> Provided material:
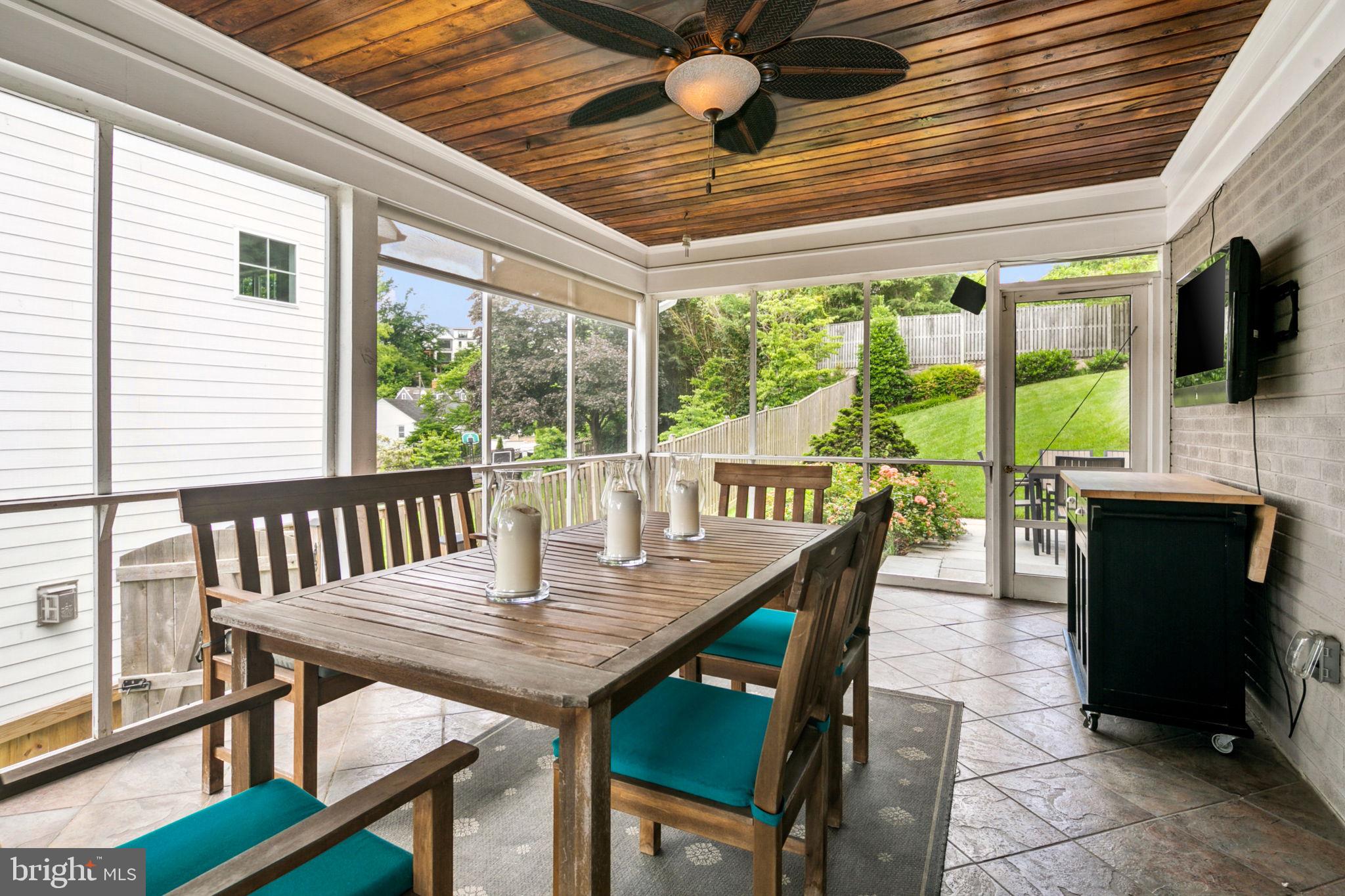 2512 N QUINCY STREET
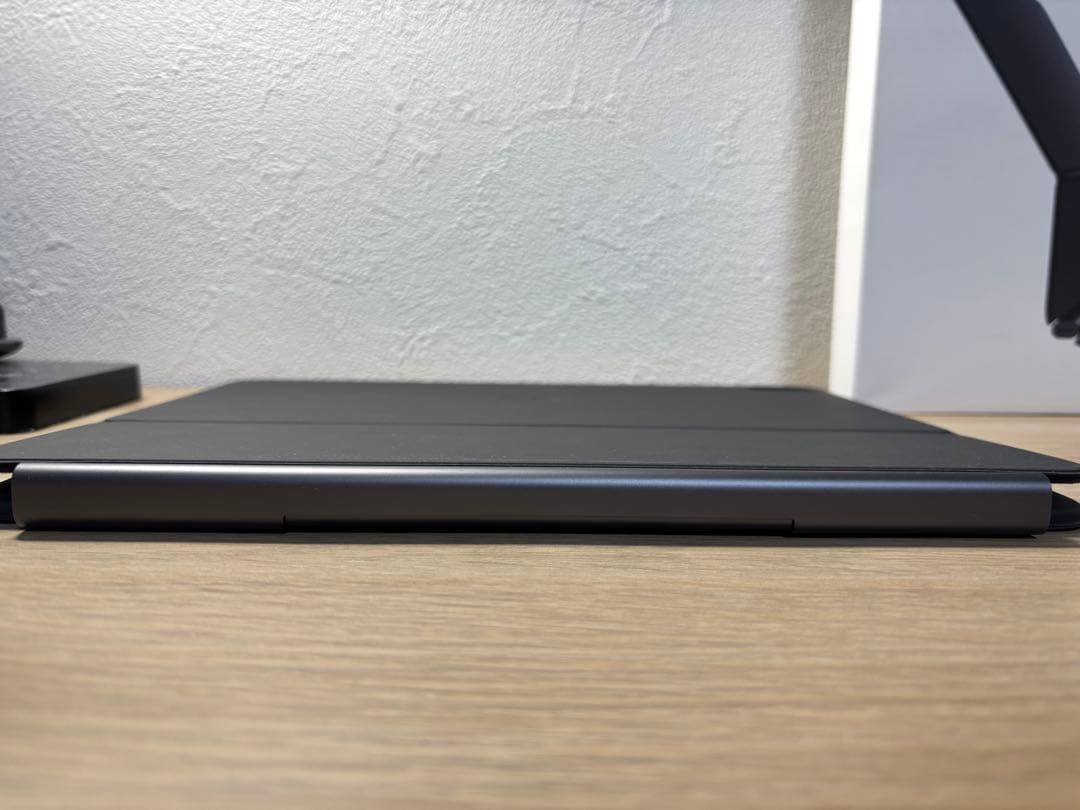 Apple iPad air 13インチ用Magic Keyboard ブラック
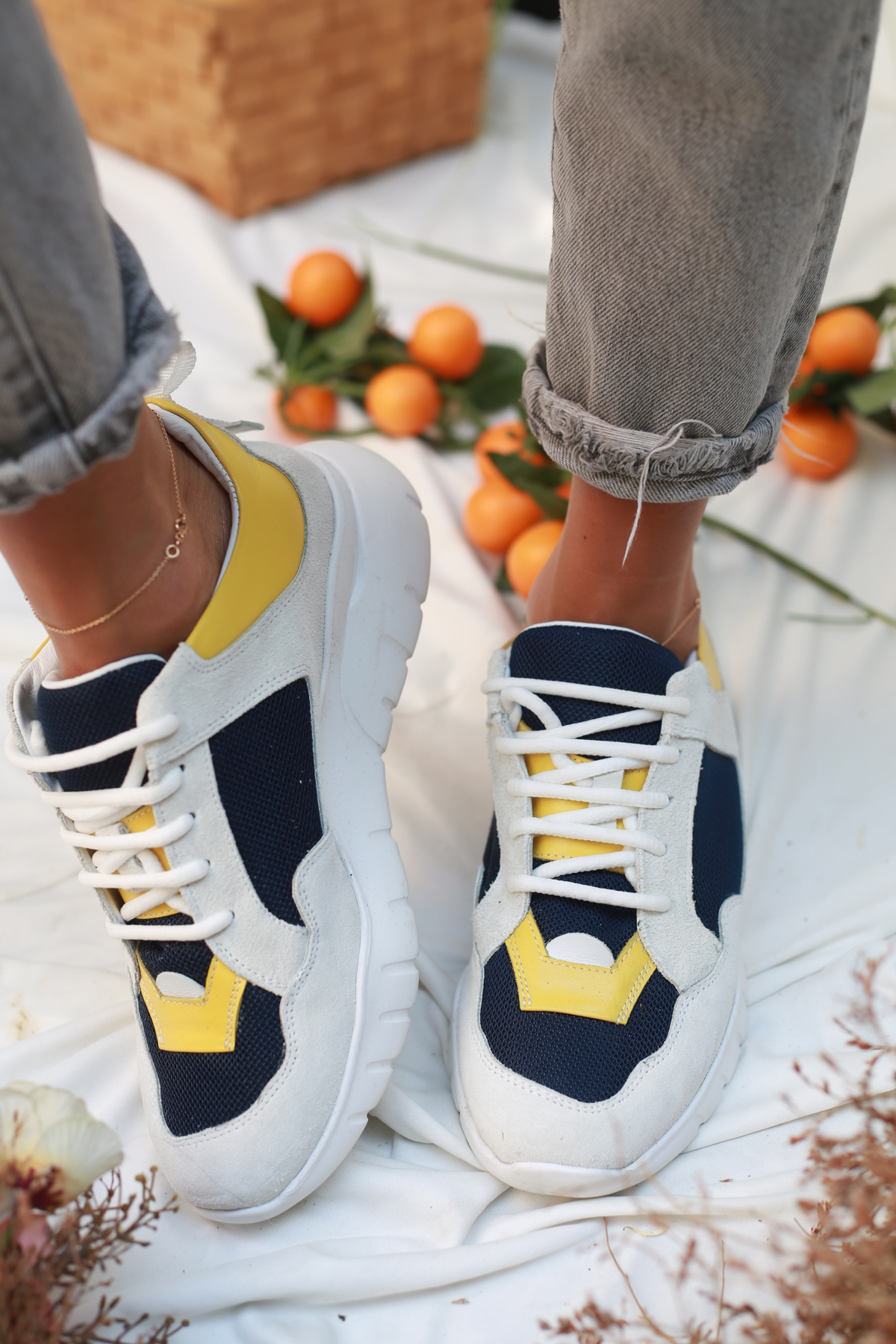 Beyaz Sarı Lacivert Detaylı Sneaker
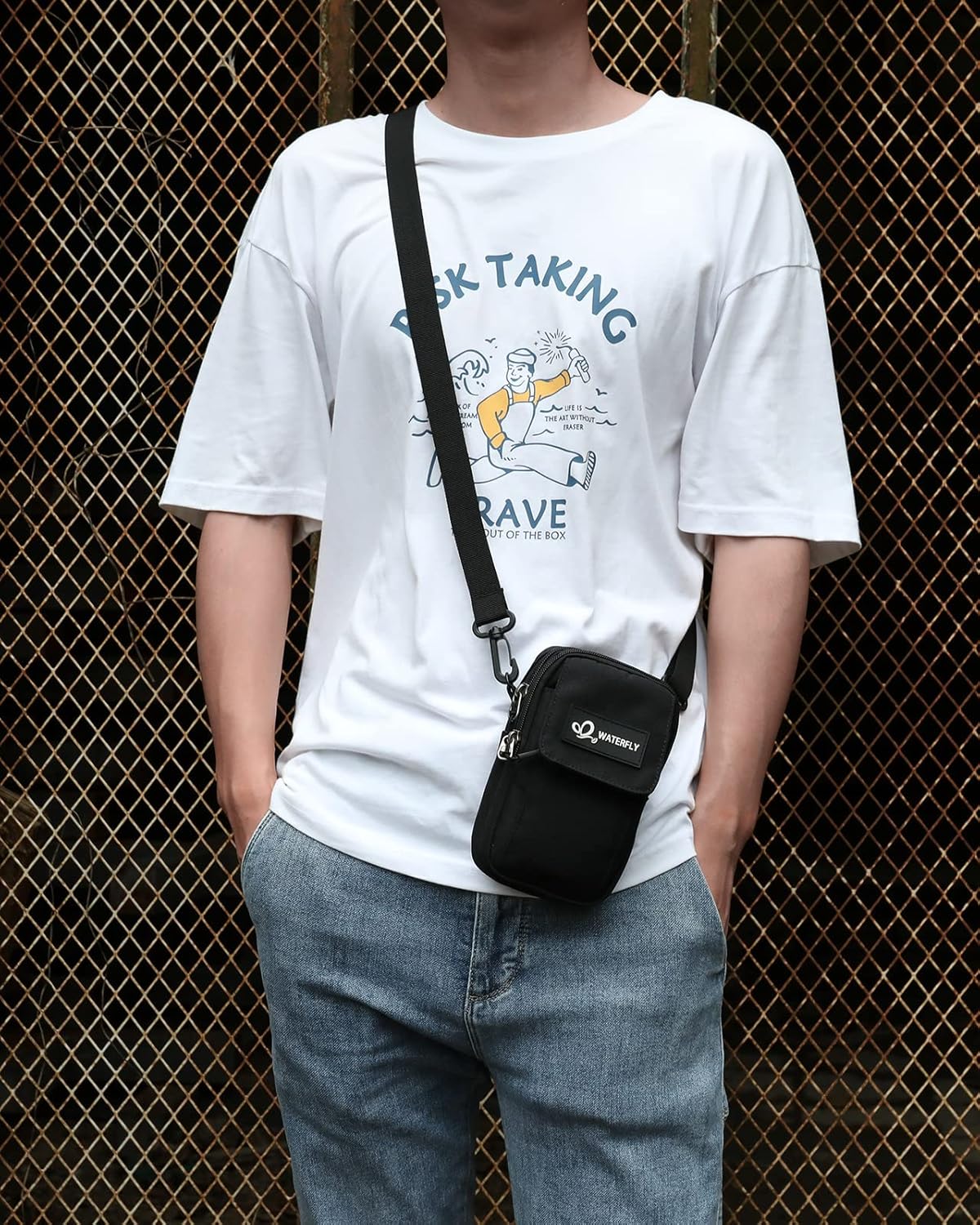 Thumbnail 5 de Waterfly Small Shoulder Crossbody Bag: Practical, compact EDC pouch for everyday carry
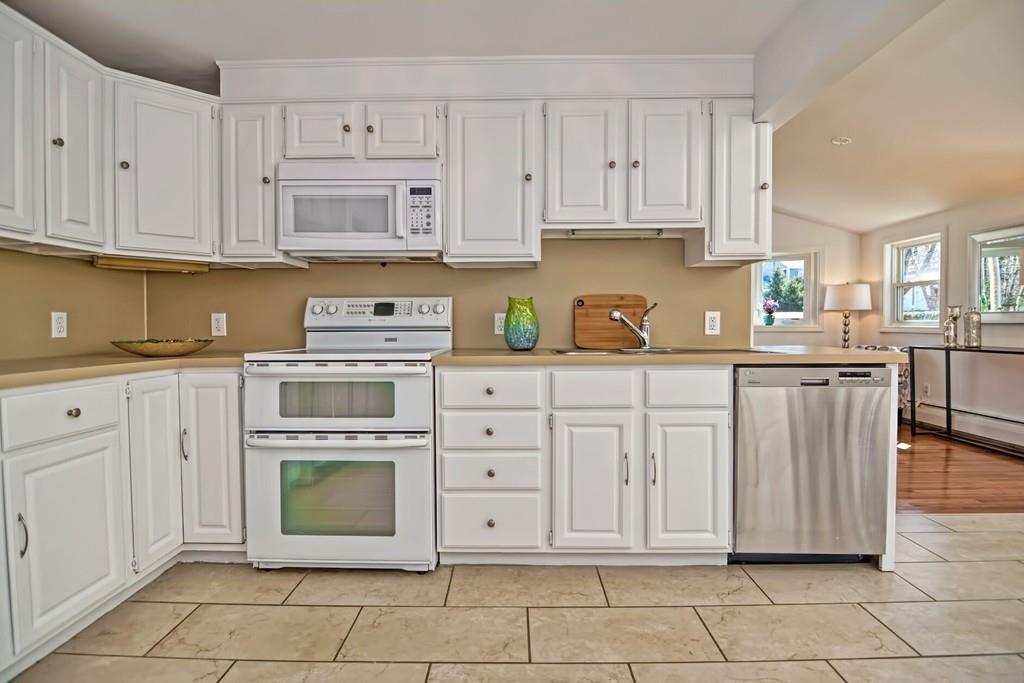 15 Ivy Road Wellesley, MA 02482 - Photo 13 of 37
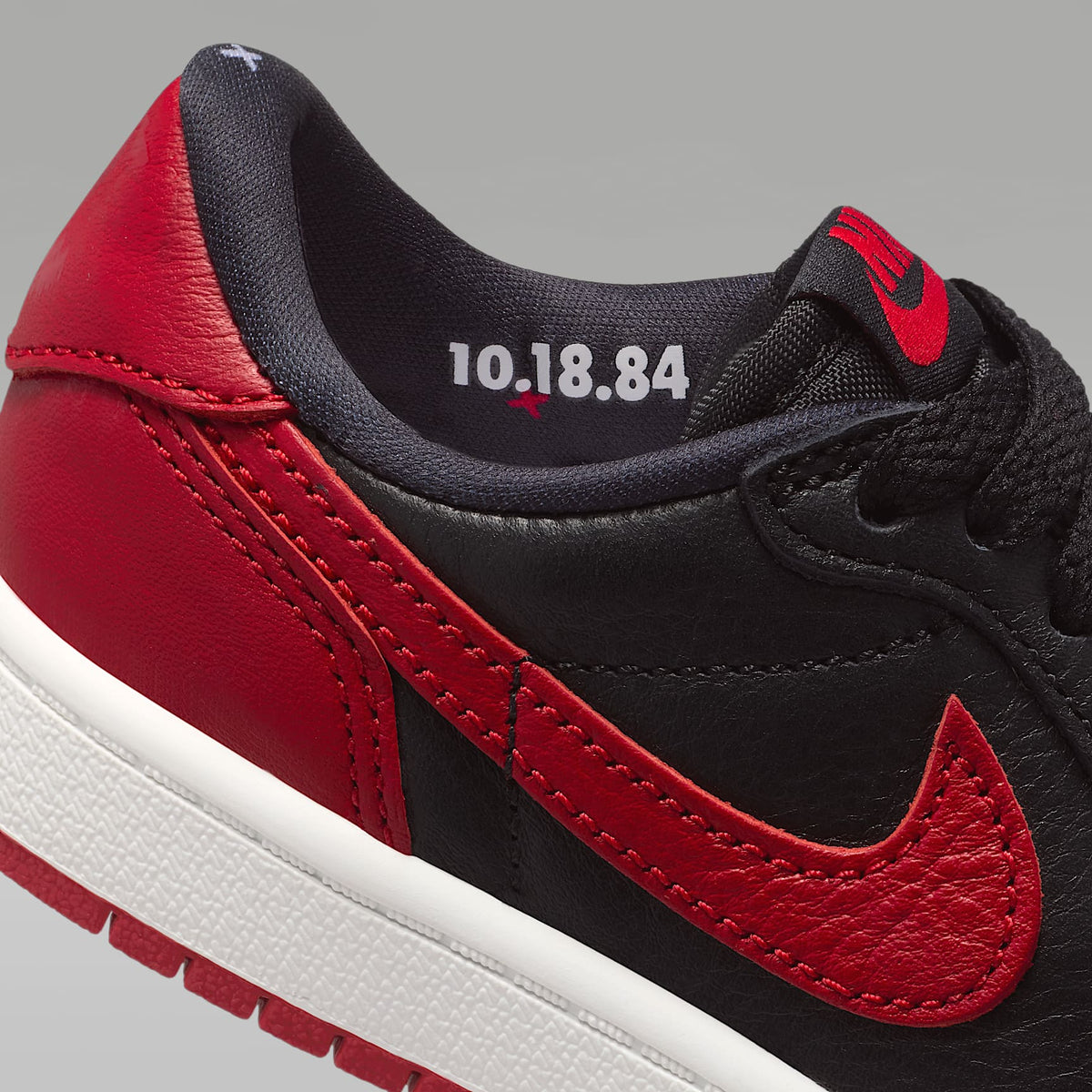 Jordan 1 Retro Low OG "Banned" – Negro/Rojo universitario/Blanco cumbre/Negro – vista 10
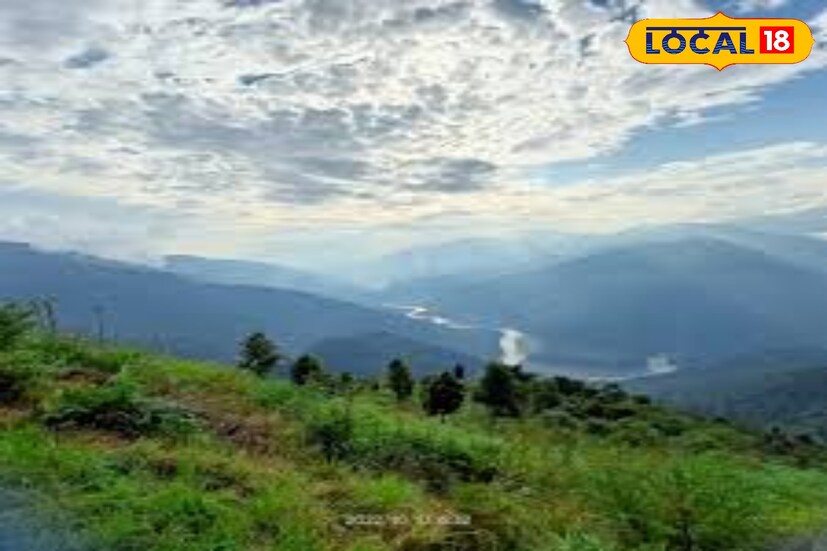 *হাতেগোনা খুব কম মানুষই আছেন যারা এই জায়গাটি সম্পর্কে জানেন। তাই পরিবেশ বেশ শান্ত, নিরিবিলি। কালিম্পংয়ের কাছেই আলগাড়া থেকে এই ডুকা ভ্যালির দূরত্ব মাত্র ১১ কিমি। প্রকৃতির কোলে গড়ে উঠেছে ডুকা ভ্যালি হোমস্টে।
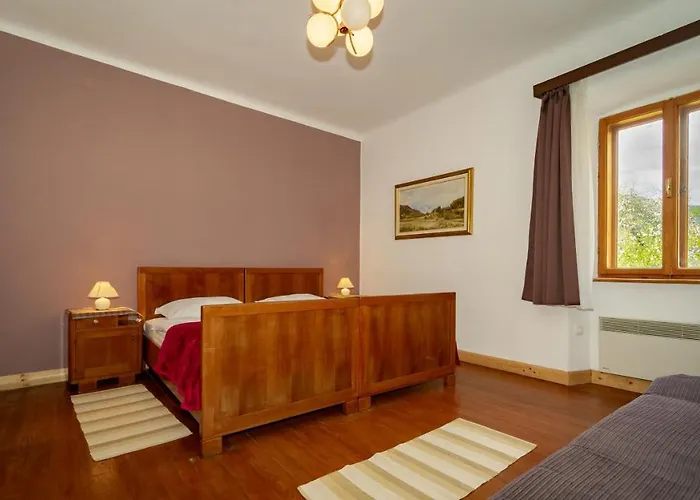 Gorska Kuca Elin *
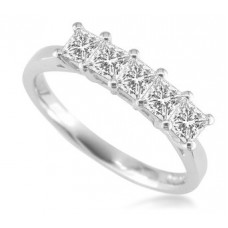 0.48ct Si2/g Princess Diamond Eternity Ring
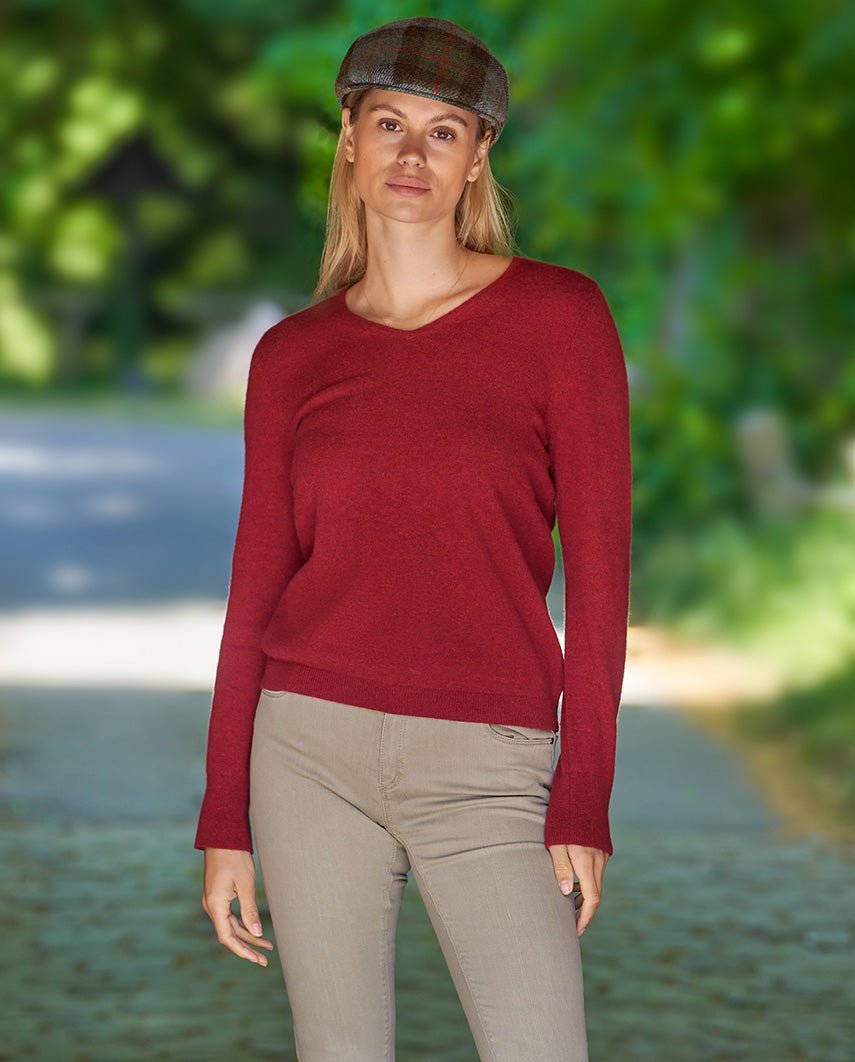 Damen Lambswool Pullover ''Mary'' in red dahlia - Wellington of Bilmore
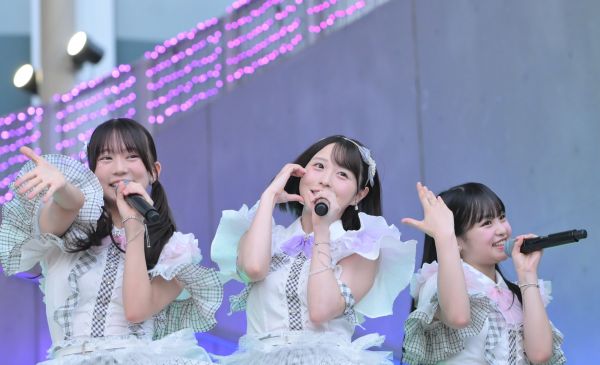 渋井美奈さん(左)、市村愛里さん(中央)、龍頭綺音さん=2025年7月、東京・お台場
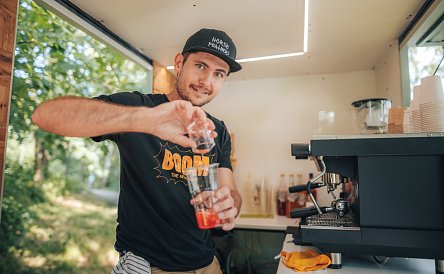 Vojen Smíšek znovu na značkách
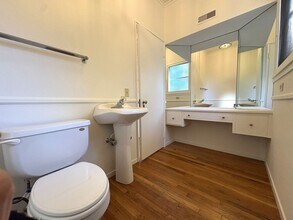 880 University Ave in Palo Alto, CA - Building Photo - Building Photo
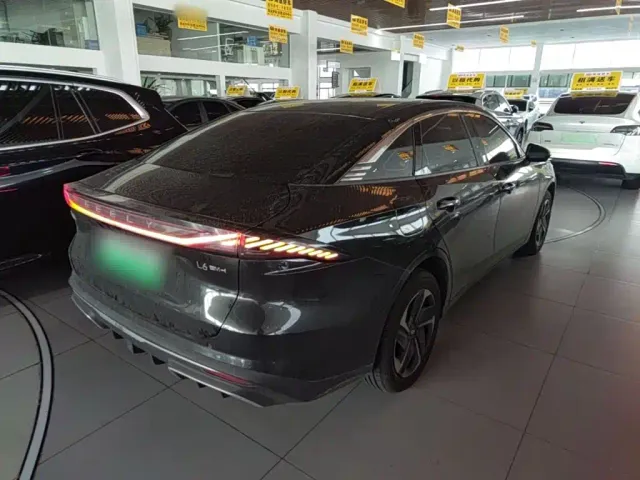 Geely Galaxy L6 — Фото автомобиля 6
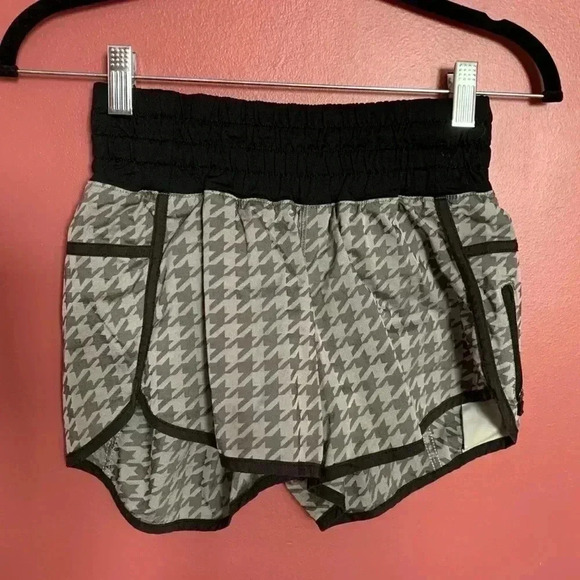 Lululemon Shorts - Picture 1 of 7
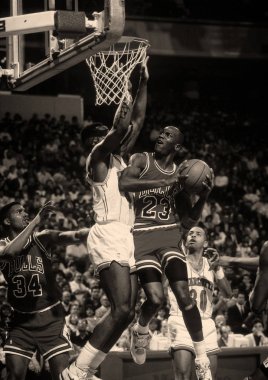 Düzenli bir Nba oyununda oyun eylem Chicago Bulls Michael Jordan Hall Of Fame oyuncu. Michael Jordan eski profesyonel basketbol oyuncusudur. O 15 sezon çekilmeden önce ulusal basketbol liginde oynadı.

> Required work: Set down only the lines from the one with "ডুকা ভ্যালি হোমস্টে।" through the end of the entries, exactly as they appear, leaving out each picture.

> Task result:
 *হাতেগোনা খুব কম মানুষই আছেন যারা এই জায়গাটি সম্পর্কে জানেন। তাই পরিবেশ বেশ শান্ত, নিরিবিলি। কালিম্পংয়ের কাছেই আলগাড়া থেকে এই ডুকা ভ্যালির দূরত্ব মাত্র ১১ কিমি। প্রকৃতির কোলে গড়ে উঠেছে ডুকা ভ্যালি হোমস্টে।
 Gorska Kuca Elin *
 0.48ct Si2/g Princess Diamond Eternity Ring
 Damen Lambswool Pullover ''Mary'' in red dahlia - Wellington of Bilmore
 渋井美奈さん(左)、市村愛里さん(中央)、龍頭綺音さん=2025年7月、東京・お台場
 Vojen Smíšek znovu na značkách
 880 University Ave in Palo Alto, CA - Building Photo - Building Photo
 Geely Galaxy L6 — Фото автомобиля 6
 Lululemon Shorts - Picture 1 of 7
 Düzenli bir Nba oyununda oyun eylem Chicago Bulls Michael Jordan Hall Of Fame oyuncu. Michael Jordan eski profesyonel basketbol oyuncusudur. O 15 sezon çekilmeden önce ulusal basketbol liginde oynadı.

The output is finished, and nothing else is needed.